- [Exercise] Print the whole listing below exactly, skipping every picture.

= Beginning of Section =

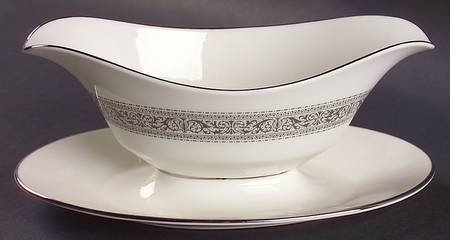Filigree Gravy Boat with Attached Underplate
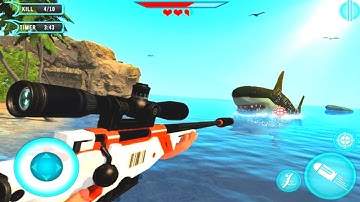 Angry Shark Sniper 3D - Megalodon Shark Attack Zoo Hunter Games - Android Gameplay #8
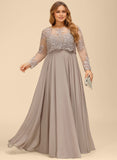 A-line Sequins Chiffon Lace Mother of the Bride Dress With Sequins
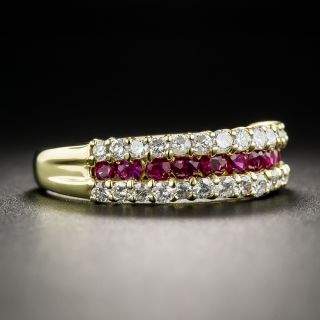 Estate 18K Ruby and Diamond Band Ring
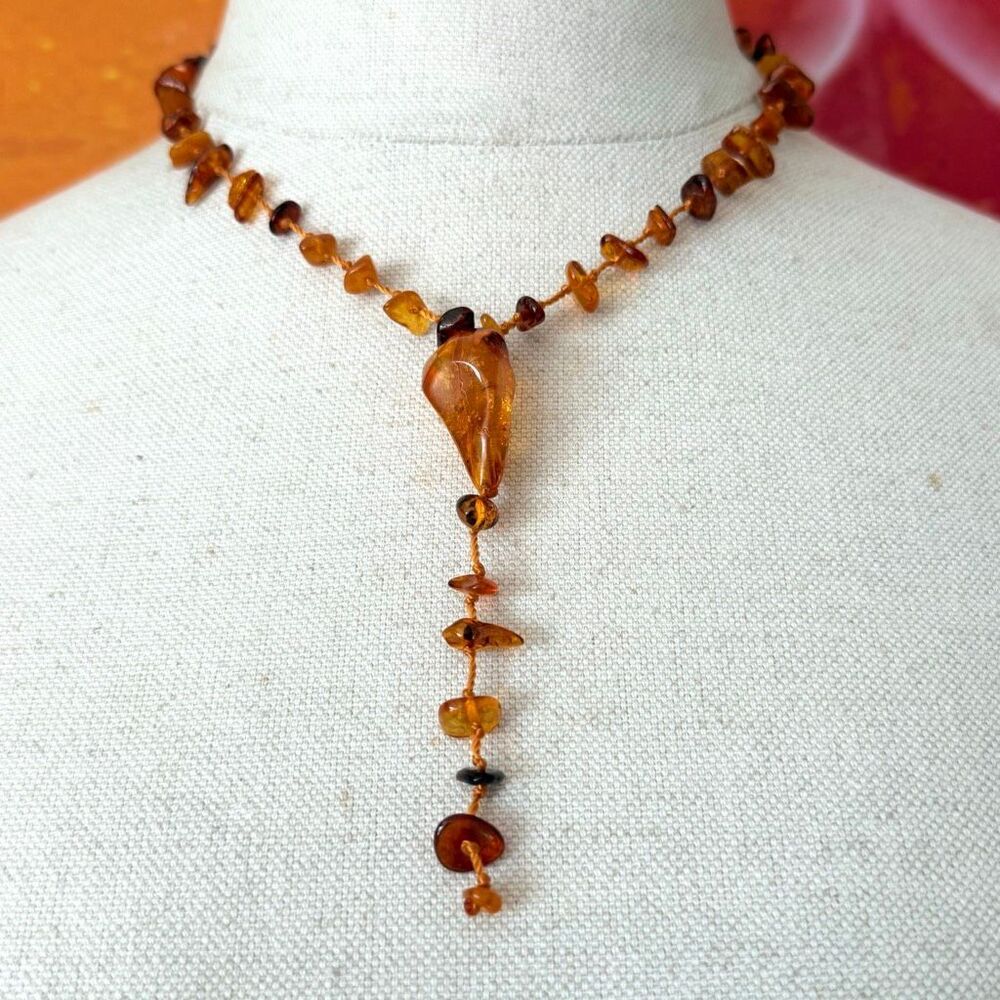 Vintage Genuine Amber Chip Y Drop Lariat Necklace Large Amber Pendant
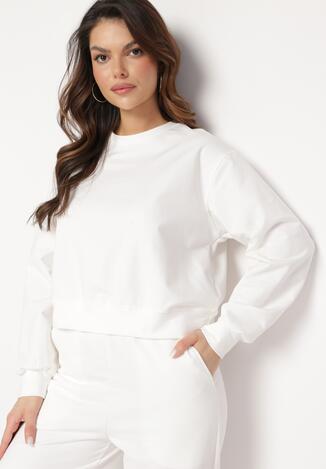 Biała Bawełniana Bluza Oversize o Krótszym Kroju Vesperana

= End of Section =

- [Task response]
Filigree Gravy Boat with Attached Underplate
 Angry Shark Sniper 3D - Megalodon Shark Attack Zoo Hunter Games - Android Gameplay #8
 A-line Sequins Chiffon Lace Mother of the Bride Dress With Sequins
 Estate 18K Ruby and Diamond Band Ring
 Vintage Genuine Amber Chip Y Drop Lariat Necklace Large Amber Pendant
 Biała Bawełniana Bluza Oversize o Krótszym Kroju Vesperana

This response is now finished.